Fino a che punto l’economia detta legge sulla politica? Fino a che punto contano il mercato, gli affari, il profitto? E sotto la pressione della crisi economica regge ancora la democrazia parlamentare? C’è da dubitarne – in Occidente e soprattutto in Italia. In tale contesto non stupisce la visita di Gheddafi. Non è la prima volta. Gli affari sono affari, anche se non hanno molto a che vedere con il bene pubblico e sono spesso privati, tanto privati da passare sotto silenzio.

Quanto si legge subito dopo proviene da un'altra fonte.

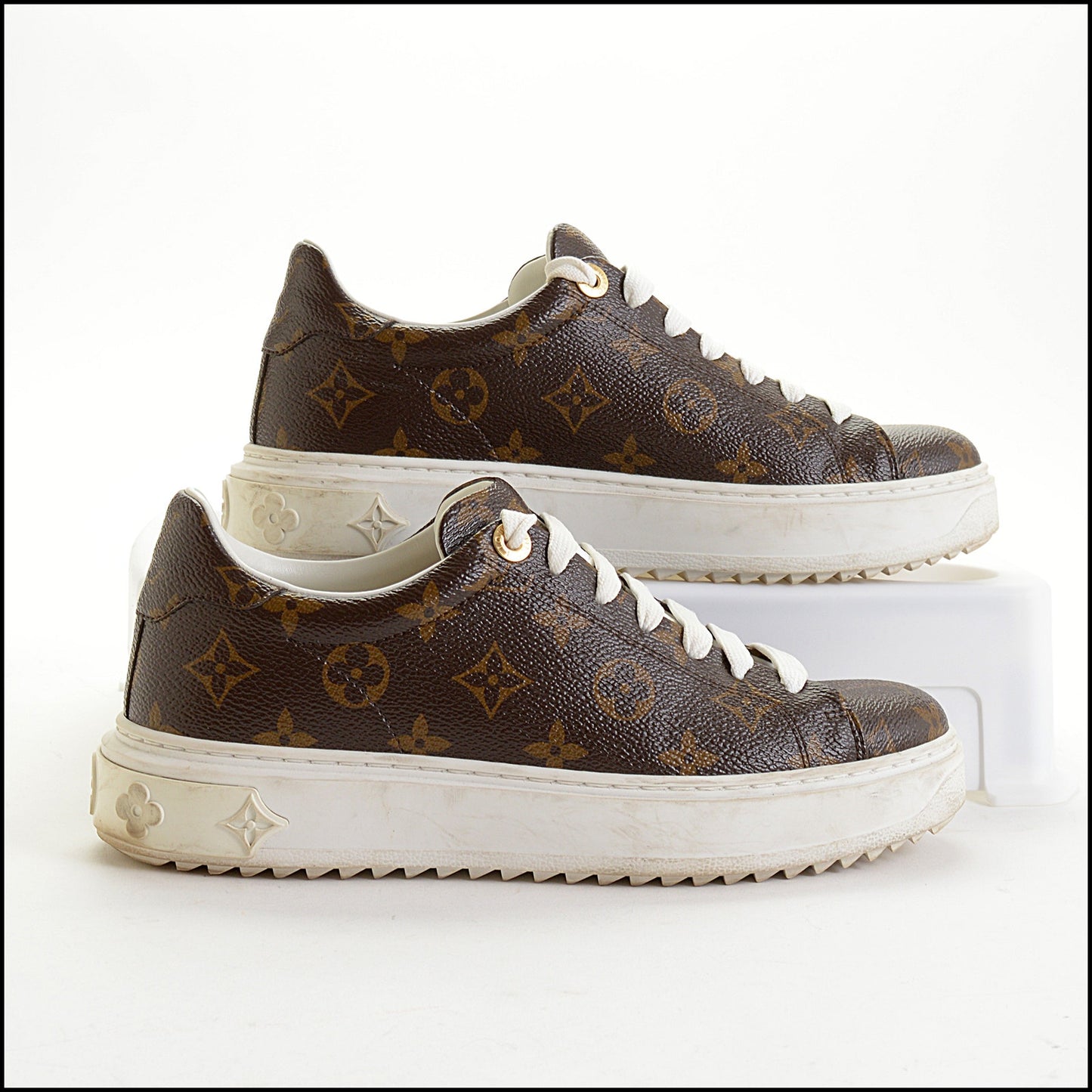 RDC14876 LOUIS VUITTON '22 Monogram Canvas Time Out Sneaker size 37.5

Al di là poi dei petrodollari, la Libia si è offerta di «collaborare» per fare in modo che i disperati, che attraversano il deserto, non giungano fino alle rive del mediterraneo. Non importa come. Il sipario è calato su quel che avviene dietro le quinte. La coscienza è alleggerita e alla fin fine grata alla Libia che si offre come equivoco bastione per difendere la fortezza dell’Europa.
Grata al punto da considerare stravaganze e bizzarrie le mosse studiate e ponderate dell’ambiguo «leader» libico (perché poi «leader»? Non governa con poteri quasi assoluti da decenni?). Così oggi i giornali parlano di «show» a proposito della lezione sul Corano imposta da Gheddafi, esponente del panarabismo e restauratore della shari’a nel suo paese da dove, tra linciaggi e agguati mortali, nel 1967 – in concomitanza con la guerra dei sei giorni in Israele – furono cacciati tutti gli ebrei.
Una lezione sul Corano. Un monito affinché l’Islam sia la religione del futuro in Europa. Che male c’è? La domanda non nasce solo da quel «disincanto del mondo» che ha colpito da tempo l’Occidente. Qui il disincanto si mescola con il cinismo molto italiano, aumentato a dismisura negli ultimi tempi.
Tacchi a spillo, gonne attillate, generose scollature: immagine indegna e umiliante dell’Italia al femminile – promossa dal governo – pronta a vendere la propria presenza per un po’ di euro, a mettersi sul mercato per ascoltare una lezione di Corano. Non sanno o fanno finta di non sapere come sono trattate le donne nel mondo mussulmano? Certo non saranno tra le firmatarie dell’appello per salvare Sakineh dalla lapidazione. Pensano a sé: incassano i soldi e colgono la lezione sul Corano come una opportunità per una eventuale carriera. Seguono supinamente l’economia e le sue leggi (l’etica, ci dicono, è ormai un optional).
Non riflettono sul fatto che la donna come «altro», la donna nella sua alterità, non riesce a trovare spazio nell’Islam? Il che è poi sintomo della tendenza alla dominazione, alla difficoltà a riconoscere qualsiasi «altro» non musulmano. Il modo in cui vengono trattate le donne è infatti sempre la spia di una civiltà. Non ci riflettono perché, a loro volta, sebbene nella modalità diversa di un paese non pre-moderno, ma post-moderno, eppure irriducibilmente maschilista, sono soggetti secondari, persone non libere, perché non rispettate. Consapevoli o no, costituiscono un insulto per le donne di questo paese.